Mini Rev Med Chem. 2019 Oct 9. Epub 2019 Oct 9. PMID: 32134369

Abstract Title: 

A Review on the Pharmacokinetic Properties of Naringin and Its Therapeutic Efficacies in Respiratory Diseases.

Abstract: 

Flavonoids are an important class of phytopharmaceuticals in plants. Naringin (naringenin- 7-O-rhamnoglucoside) is a flavanone glycoside isolated from folk herbal medicine Exocarpium Citri grandis (called Huajuhong in Chinese).
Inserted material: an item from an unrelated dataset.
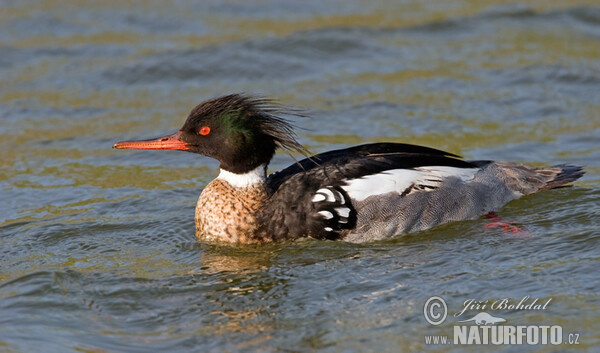 Red-breasted Merganser (Mergus serrator)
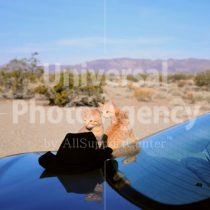アメリカ サンフランシスコ 砂漠と帽子と車とねこ ／ sfcat01-111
Massive experimental works have been performed on naringin describing its phytochemical, pharmacokinetic, and bioactive properties. Naringin was found to possess multiple pharmacological activities in relieving inflammation, diabetes, neurodegeneration, cardiovascular disorders, and metabolic syndrome. Recently, it has been approved as a potential antitussive and expectorant for clinical trials. However, the pharmacokinetic aspects of naringin and its therapeutic potentials in respiratory diseases have not been comprehensively reviewed. The present review provides highlights of naringin with respect to its absorption, distribution, metabolism, excretion and its therapeutic effects on cough, phlegm, and pulmonary inflammation. This review would be helpful for the interpretation of pharmacokinetics and pharmacodynamics of naringin in clinical trials.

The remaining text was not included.